Posted by Joan Bellistri on January 10, 2012

Michie’s 2012 Maryland Rules of Procedure have just been published by LexisNexis.  These new volumes are current through November 7, 2011.  Supplements containing interim changes are usually published in June.  The West’s rules are published on a different schedule with the new editions published around March and the supplements around October. (The three volume annotated version was not supplemented last year.)

In the last few years we have seen many rules changes especially with those rules adopted in response to the foreclosure crisis.  The adoption of new rules has on occasion caused the printed volumes and even the online versions to become outdated.

How do you know if you are looking at the most current rules?  The easiest way is to check the webpage of the Standing Committee on Rules of Practice and Procedure for proposed rules and recent rules orders and compare the information with the currency date of the rules you are using.

LexisNexis publishes the Advance Court Rules Service to update the bound annual volumes and supplement.  A number of pamphlets are published throughout the year to update the annual volumes and the supplements. Proposed rules are also included.  However, being a printed source it may not be received in time. For example, Pamphlet #6 of 2011 was received on December 1, 2011 but contained rules that were effective November 1, 2011.

There are online sources for the rules as well. Lexis provides free, unannotated rules at www.michie.com. The Maryland Rules are also a database on the paid, password required, www.lexis.com. Still, it is important that you note when they were last updated for either source and compare that date with the most recent the date of the most recent Rules Order.  Each of the online Lexis provided rules have a statement at the beginning of the rule stating that the rules are current through a particular date.  You can also see the history of that rule by scrolling down to the end of the rule to find the history information in parenthesis. With Lexis.com there is also the option of clicking on the information icon next to the database for currency information.

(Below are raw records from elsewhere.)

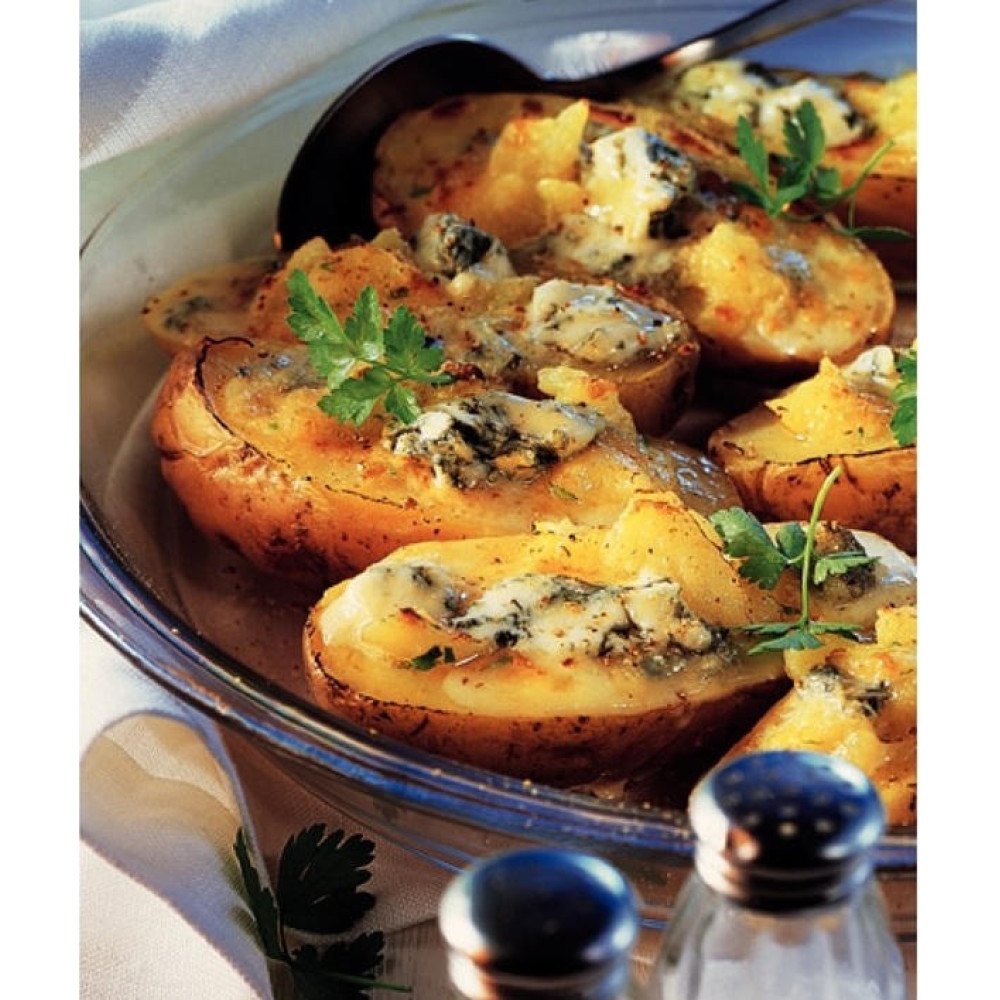 Духовой шкаф Bosch HBN 431S3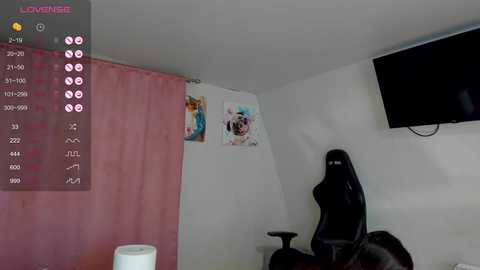 Media: _maybebaby_ Bongacams 2024-09-25 12:30:00
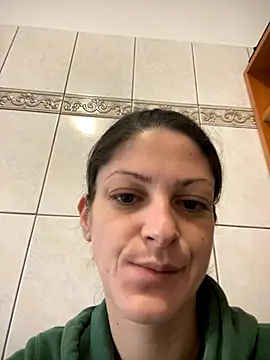 anissawhitenss online show from 11.21.25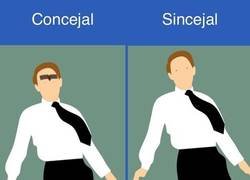 Enlace a De juventud y tiempo libre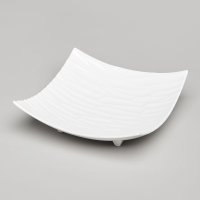 Ваза для фруктов Lefard Banquet 263-1365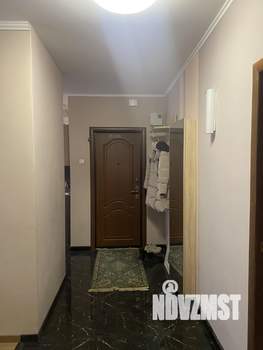 4-к квартира, на длительный срок, 74м2, 1/10 этаж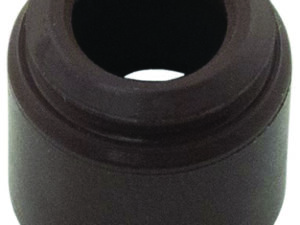 Joint de tige de soupape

Lexis.com also has a rules orders database containing databases for all states.   Each state has a number of years that can be selected. The list provided within the year is not organized for easy determination of the date of the most recent rules report. The official Rules Committee would be your best choice as there is a disclaimer\notice with the Lexis.com Rules Orders database that states: “Though LexisNexis seeks complete coverage of orders that serve to update rules of court, customers are advised to contact court clerks for the text of applicable rules.”  It would be best to check the Rules Committee webpage rather than ask the Clerk of the Court.

Maryland Rules are found on Westlaw in the Maryland Court Rules database. The currency of the database can be found in the database scope information and is also found at the end of each rule with the history.   Westlaw also has a Maryland Rules Update Orders database containing only those rules orders that came after the currency date of the Court Rules database.  The orders are not dated and are in a list in order by West’s own numbering system.  Like the Lexis.com database it is not easy to determine what the dates are.

You can keep track of Maryland Rules changes by visiting the Rules Committee webpage and making sure that whatever source of the Maryland Rules you are using reflects the changes in the most recent Rules Order.  If it does not, you can easily check the order to see it the rule you are relying upon has changed.

The Law Library monitors the Rules Committee webpage and prints the Rules Orders to be kept in the “Rules Orders” binder.  The binder is shelved with the Maryland Rules.